Mg Verona 18/08/2024 - campionato di calcio serie A / Hellas Verona-Napoli / foto Matteo Gribaudi/Image Sport nella foto: microfono Sky Tv
Nel Regno Unito entra nel vivo la stretta contro lo streaming illegale. Amazon blocca le app Iptv sui Fire Stick più recenti e, insieme alle autorità, alza il livello della repressione. Nel mirino soprattutto chi gestisce e vende i servizi, ma gli utenti non sono del tutto al riparo. Lo scrive Sport Bible.

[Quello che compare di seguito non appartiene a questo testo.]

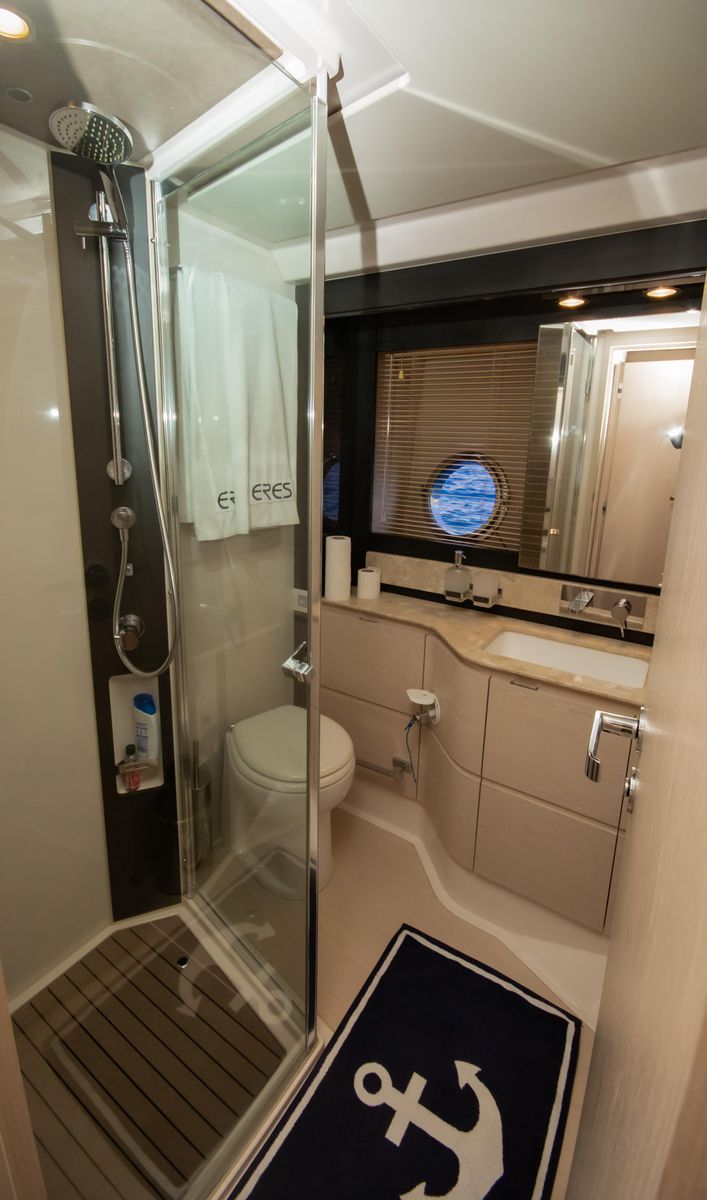 2017 Azimut 68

Addio Fire Stick pezzottate nel Regno Unito, Amazon cambia il sistema operativo contro lo streaming illegale
“Si stima che fino ad ora sei milioni di persone nel Regno Unito abbiano fruito di trasmissioni sportive illegali. Un fenomeno alimentato dalla facilità d’uso dei Fire Stick, spesso venduti già configurati con app non ufficiali per accedere a calcio, film e serie Tv. L’ultima versione dell’Amazon Fire Stick utilizzerà un sistema operativo diverso chiamato Vega Os. Sui modelli più recenti, le app Android modificate non funzioneranno poiché non sarà possibile caricare lateralmente le app.

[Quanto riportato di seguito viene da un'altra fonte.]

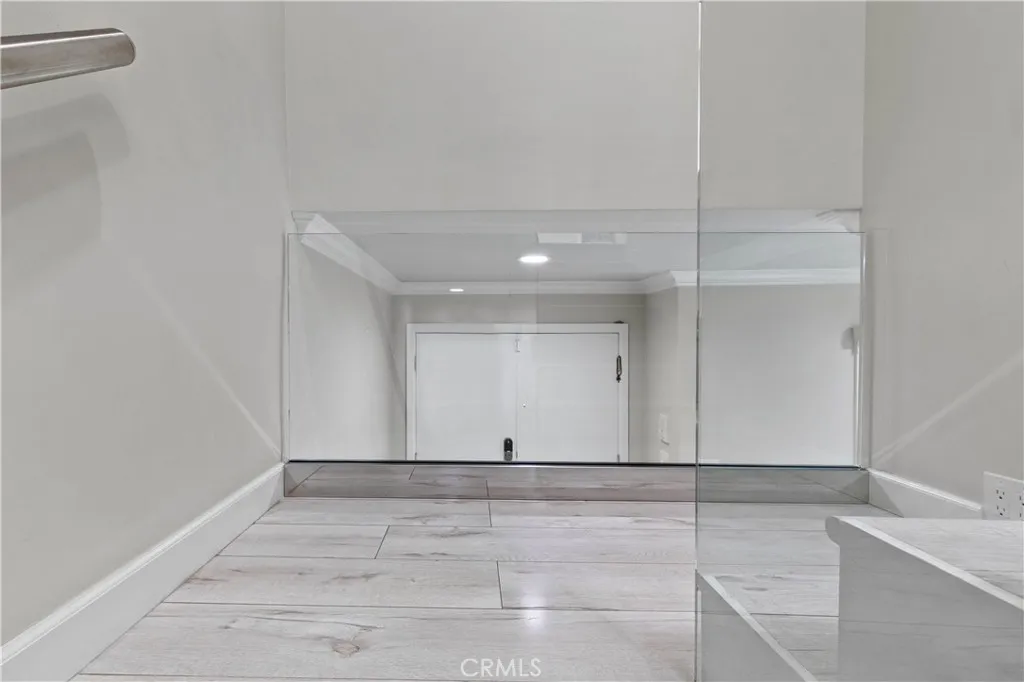 630 E Garflied Avenue E 6, Glendale, California 91205 home-pic-29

Il sistema, già attivo in altri Paesi, “ha preso di mira le app Iptv caricate lateralmente, ma ora, secondo Cordbusters, è arrivato anche nel Regno Unito”. Alcuni utenti si sono trovati davanti a un messaggio inequivocabile all’apertura delle app: “Questa app è stata disattivata perché è stata identificata come utilizzatrice o fornitrice di accesso a contenuti senza licenza. Da quel momento, le opzioni sono limitate: ignorare l’avviso o disinstallare l’app. Anche se il download è ancora possibile, l’accesso ai contenuti resta bloccato dalla schermata di disattivazione”.

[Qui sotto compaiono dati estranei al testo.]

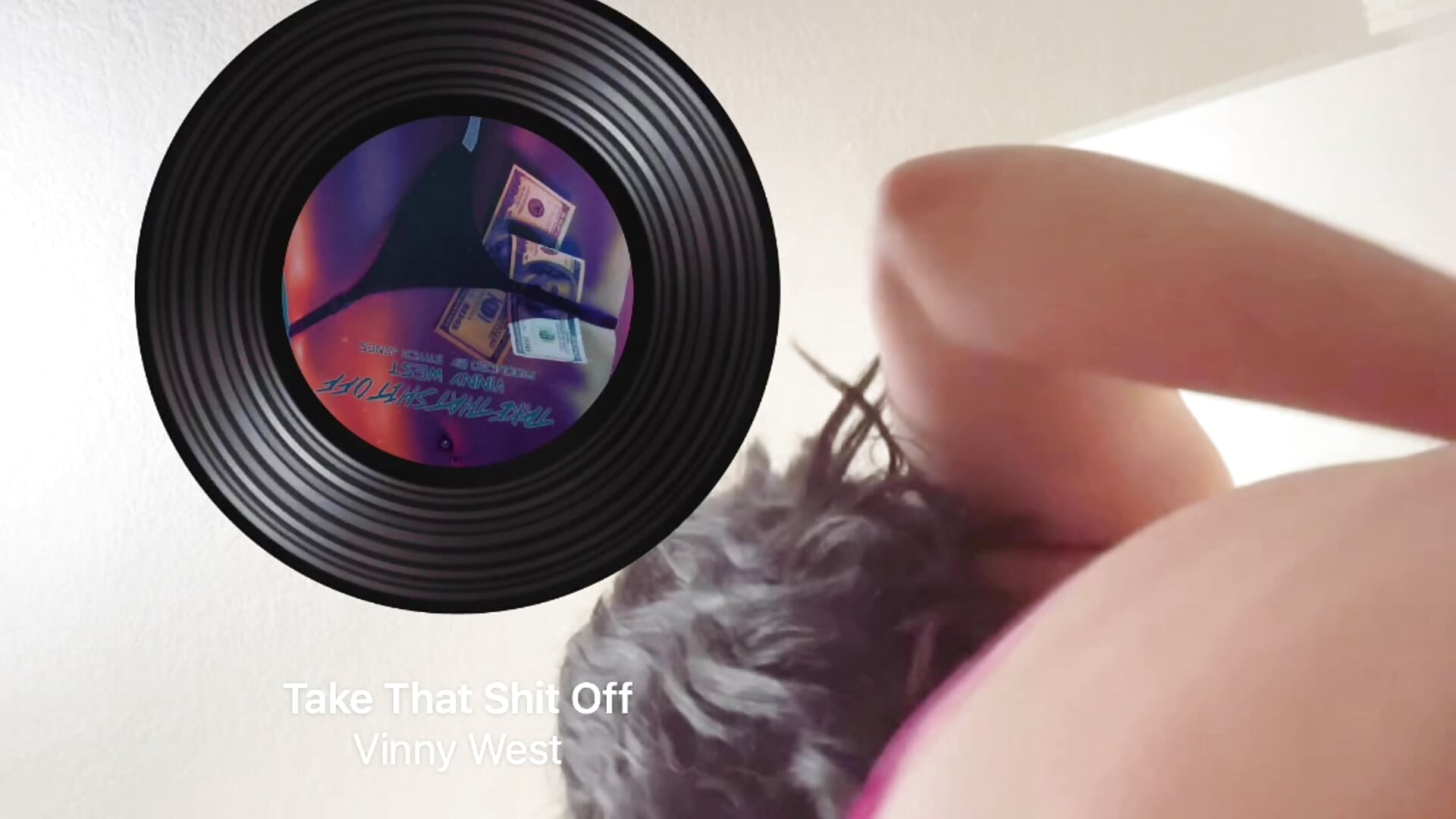 Take tht shyt off - video by mamifresita cam model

La pena: 5 anni di reclusione per chi ne fa uso
Nel Regno Unito la pena per lo streaming illegale può arrivare fino a 12 mesi di carcere per condanna sommaria. Nei casi più gravi, “fino a cinque anni. A novembre, un uomo di Liverpool è stato condannato a tre anni di carcere dopo un procedimento supervisionato dalla Premier League. Vendeva Fire Stick modificate tramite Facebook e passaparola. In un altro caso, un individuo libanese è stato condannato a 11 mesi di carcere e obbligato a pagare 69.000 sterline di danni per aver fornito streaming illegale delle partite di Premier League. L’ultimo segnale è arrivato da Manchester, dove sono stati effettuati quattro arresti durante un raid che ha portato al sequestro di dieci server e apparecchiature per un valore di 750.000 sterline. Un’operazione che conferma come, nel Regno Unito, la battaglia contro lo streaming illegale sia entrata in una fase decisamente più aggressiva”.